Michael Martinez and I are discussing this very subject - but NOT this same topic on usernames - here is what he says on phrases and having checked it out I tend to agree.
Live is displaying weird results. Here is a quick "phrased-based indexing" test that tells you whether a search engine may be indexing by phrase. Search on:
http://search.live.com/results.aspx?...n-US&form=QBRE
http://search.live.com/results.aspx?...go.x=12&go.y=9
If you see similar results, the engine is NOT indexing by phrase. I would say that there is insufficient evidence in these search results to support the "phrase-based indexing" point of view. However, one typo in the reverse expression query produces null results:
http://search.live.com/results.aspx?...n-US&form=QBRE
That could be an indication of phrase-based indexing. But Microsoft uses an artificial intelligence (or so they say) so their indexing methodology should differ from traditional indexing.

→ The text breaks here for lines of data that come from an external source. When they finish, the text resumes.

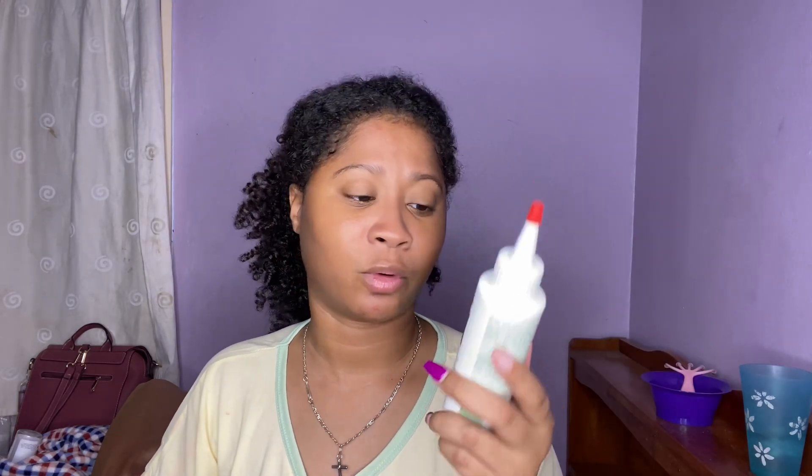What up guys, it's Grace. Thank you for tuning in. Today is finally the day that I try this product right here. This is a product requested by many — this is the Wild Hair Growth Oil.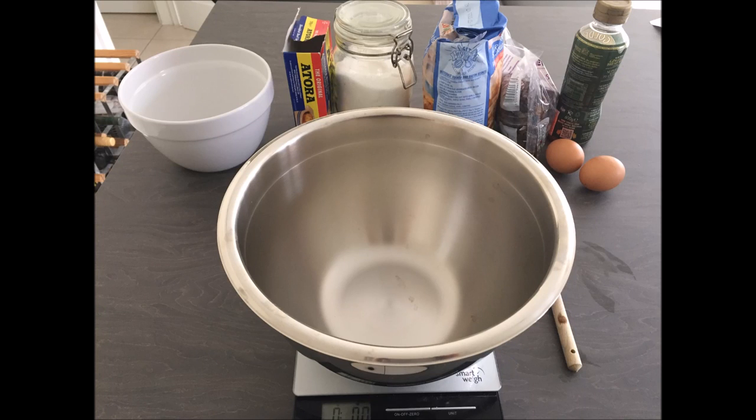Hi guys, it's Matt Steady here. I've just been cooking dinner for the family and I made a traditional English suet pudding. It's such an easy recipe — basically it takes 10 minutes to make including cooking time, and it's very tasty. It's been a traditional pudding in our family for a long time.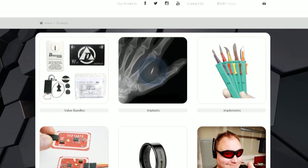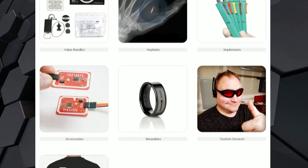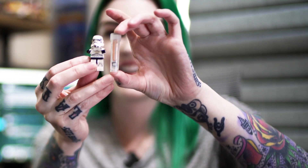Amal is the person who started Dangerous Things, and the chip is very similar — he went to a vet, and it's the same chip used to track dogs. He said, well, if it's safe enough for my pet, it's safe enough for me. So I roped him into my Tesla project because of all his knowledge, and when I dissolved the chip I sent it to him and he encapsulated it in biopolymer, which is safe for use in the body and under the skin.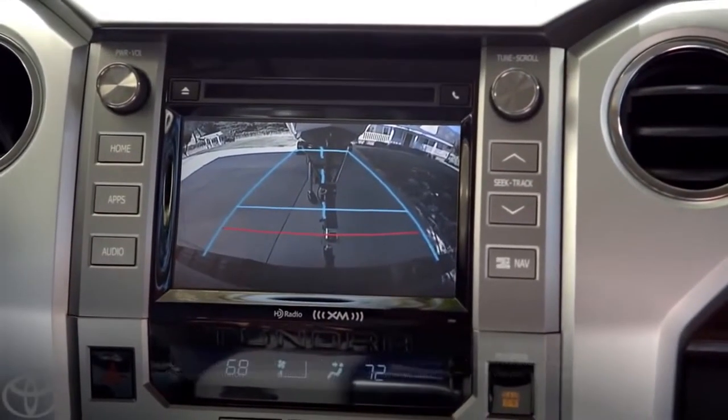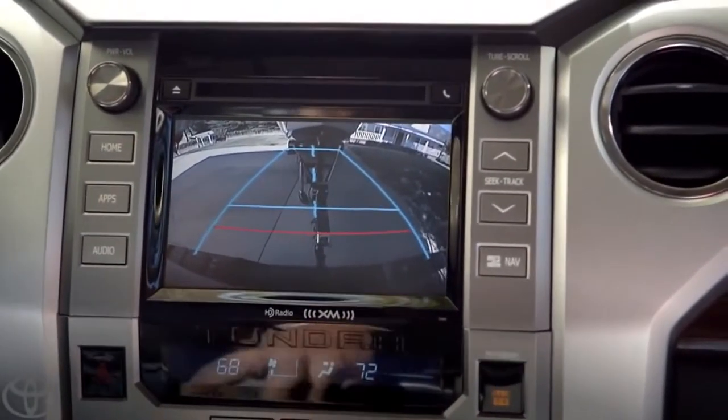Oh, wow. Yeah, look at that. I can see if I need to adjust the angle. Boom! See that? That's perfect.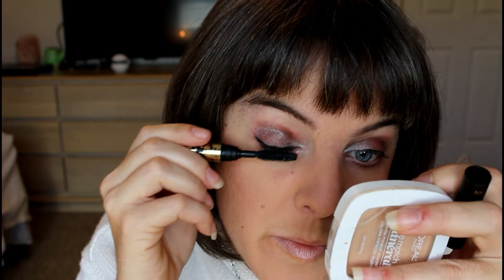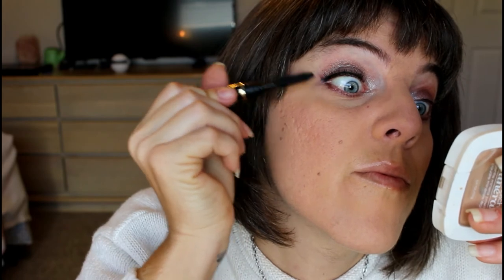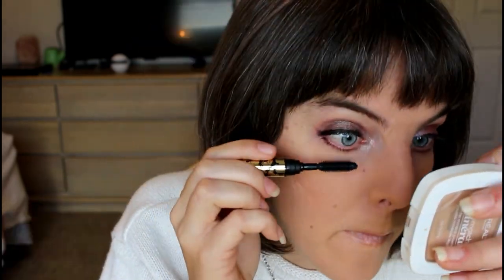And now we do mascara. We've got Tarte mascara — it's the sample kind but it works really well. You do your tops first and then your bottoms. Then you do your other eye.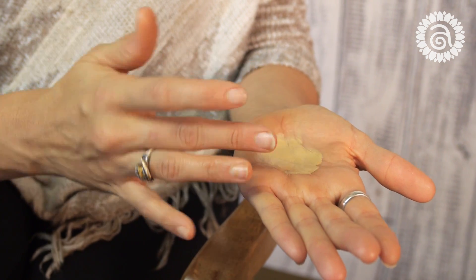Once I get a nice consistency, I'll start by applying to the bridge of my nose and working my way up to the forehead. What contouring does is it shapes your face by defining and enhancing your facial structure.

If you try the reversed query test in Google:
http://www.google.com/search?hl=en&q...=Google+Search
http://www.google.com/search?hl=en&q...ts&btnG=Search
You get virtually the same results, and if you introduce the typo:
http://www.google.com/search?hl=en&q...+right+Tenants
So Google is clearly NOT indexing by phrase.
An AI system might actually be more inclined to index phrases on the basis of aggregate query analysis without actually having to favor phrase-based indexing schema. It would discern a pattern and create a rule to look for phrases of particular structure.
Google's proximity- and frequency-based relevance rankings clearly don't incorporate phrase-based indexing at this point.